The success of a school is often not seen until years after the students graduate. School needs to have prepared them for the world, especially the world of employment, something that is changing more rapidly than the curriculum.

The pace of technological advancement means that the job landscape is undiscovered terrain. What we teach our children today could be taken over by machines tomorrow. So how can we best prepare our students for the world they will encounter?

In his New York Times column, David Brooks says the advantage will go to changemakers – “people who can see the patterns around them, identify the problems in any situation, figure out ways to solve the problem, organize fluid teams, lead collective action and then continually adapt as situations change… It doesn’t matter if you are working in the cafeteria or the inspection line of a plant, companies will now only hire people who can see problems and organize responses.”

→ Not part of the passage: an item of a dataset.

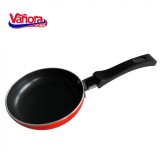 TIGAIE ALUMINIU MINI ROSU TEFLON 12x3 CM, Vanora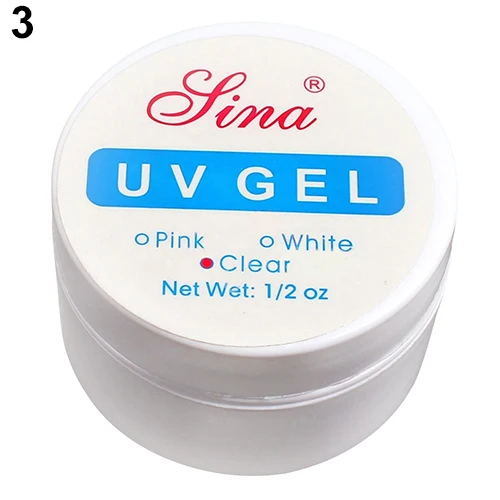 3 colori Chiaro Bianco Rosa Unghie artistiche Primer, base trucco di Base UV Gel prodotti per superficie e smalti Del Costruttore Consigli Decor Nuovo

How can we develop this capacity in children? Imagine a 12-year-old girl telling a parent about an interpersonal problem at school. “This is a big moment,” says Brooks. “You pause what you are doing and ask her if there’s anything she thinks she can do to solve the problem, not just for this situation but for the next time it happens, too. Very few kids take action to solve the first problem they see, but eventually they come back having conceived and owning an idea. They organize their friends and do something. The adult job now is to get out of the way. Put the kids in charge. Once a kid has had an idea, built a team, and changed her world, she’s a changemaker. She has the power. She’ll go on to organize more teams. She will always be needed.”

There are 2 key qualities of changemakers.

The first is cognitive empathy – the ability to perceive how people are feeling in evolving circumstances. Teaching children to think of others, to imagine how others are feeling is vitally important. For those who are slightly egotistical, cultivating kindness and empathy is still something worth investing in.

The second quality is agency – the belief that you can and must make a difference. Community service, giving to others, changing the status quo is fundamental to building agency. This is not the same as building self-esteem for it to stay within the self, but rather the notion that each and every one of us has something to give that will make a positive impact on others.

So in order to prepare our children for an every changing world and to guide them through the uncertainty that comes, the best we can do is teach our children to think of others and do what they can to make our school, our community and our country a better place.